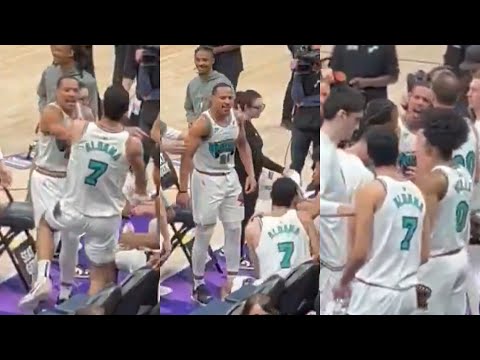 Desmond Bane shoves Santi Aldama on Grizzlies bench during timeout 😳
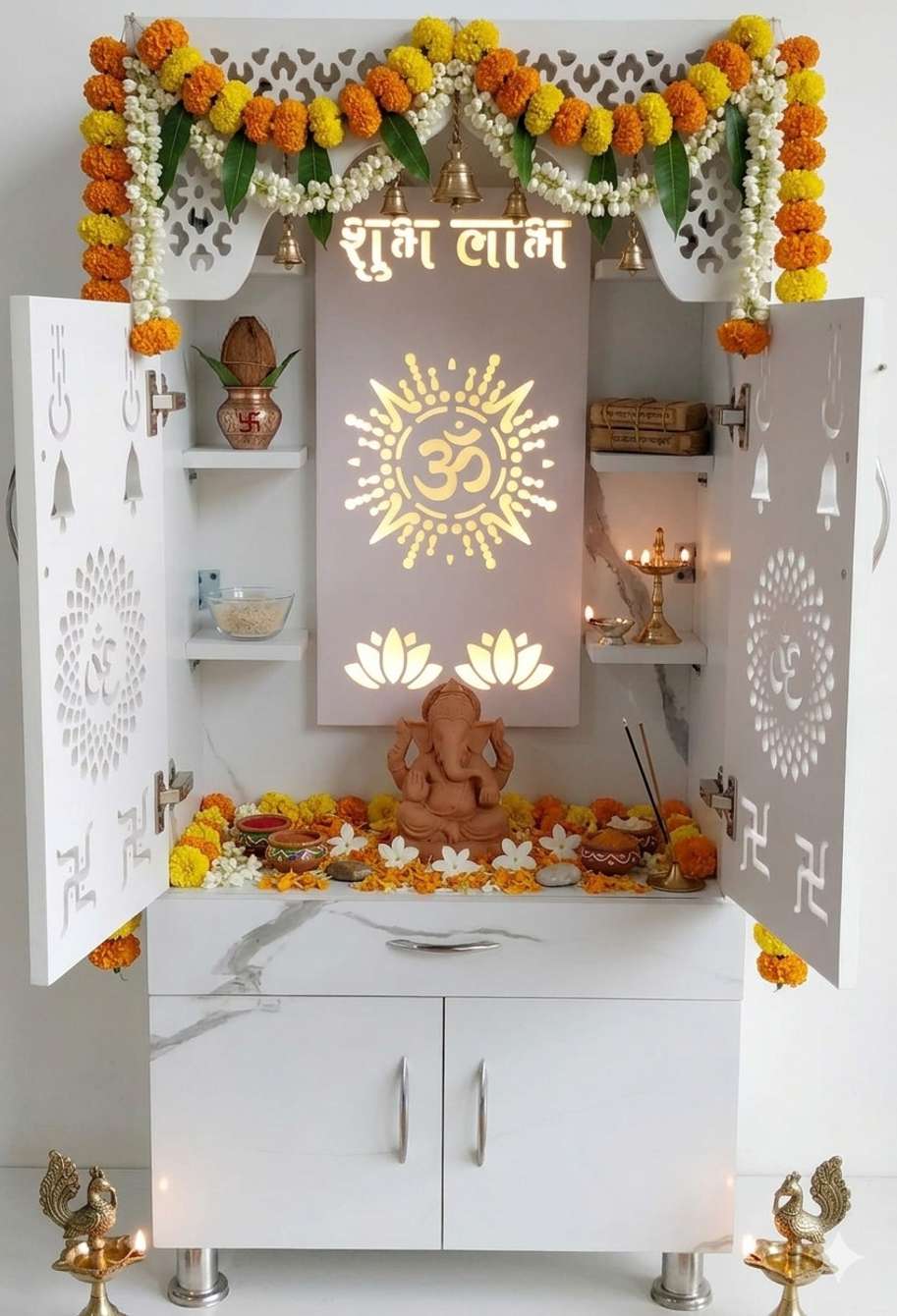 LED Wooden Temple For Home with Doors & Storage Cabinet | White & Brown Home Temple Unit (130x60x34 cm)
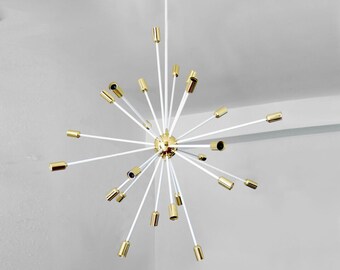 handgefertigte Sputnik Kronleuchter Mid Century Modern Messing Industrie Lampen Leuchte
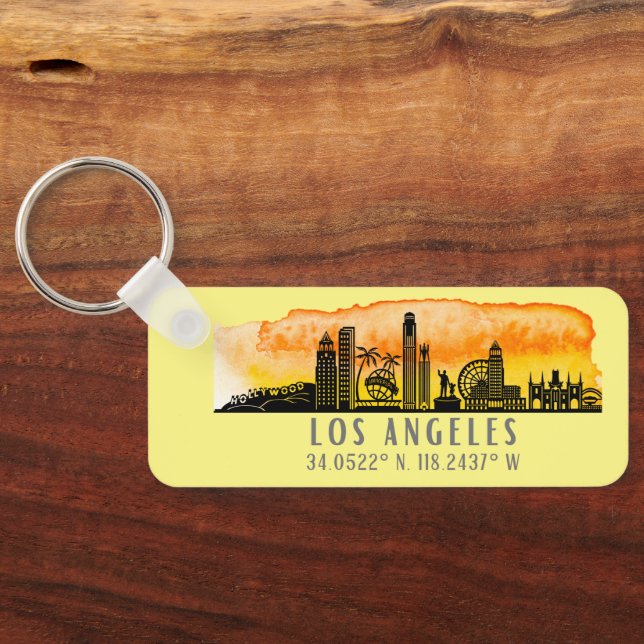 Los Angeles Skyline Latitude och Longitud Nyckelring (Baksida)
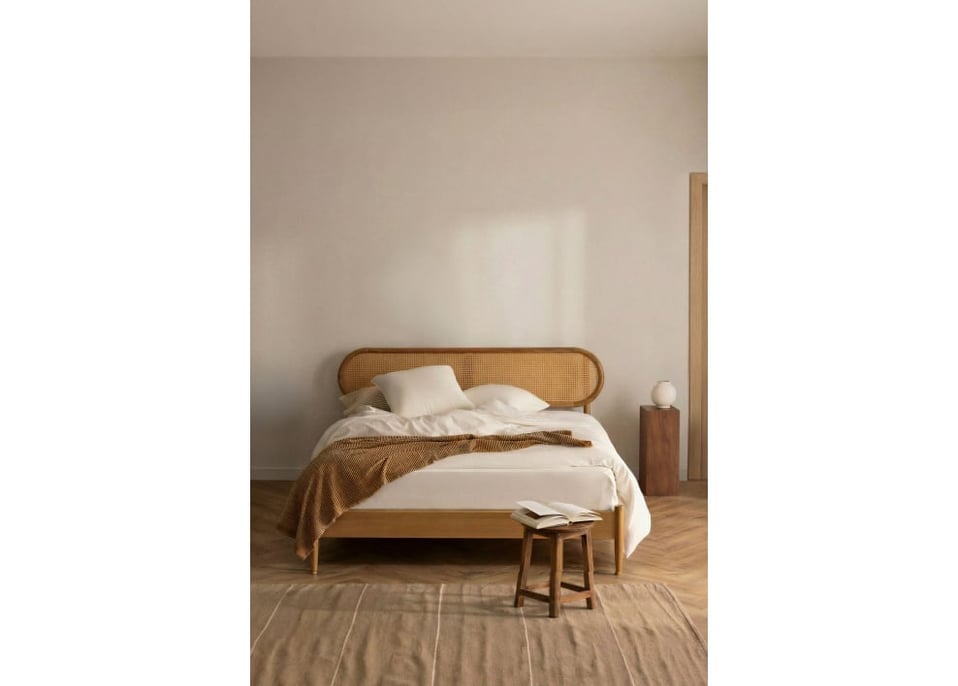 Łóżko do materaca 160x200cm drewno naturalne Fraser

**What the exercise asks**
Exact copy, pictures excluded: print only the lines from the line containing "LED Wooden Temple" through the end of the records.

**Task answer**
 LED Wooden Temple For Home with Doors & Storage Cabinet | White & Brown Home Temple Unit (130x60x34 cm)
 handgefertigte Sputnik Kronleuchter Mid Century Modern Messing Industrie Lampen Leuchte
 Los Angeles Skyline Latitude och Longitud Nyckelring (Baksida)
 Łóżko do materaca 160x200cm drewno naturalne Fraser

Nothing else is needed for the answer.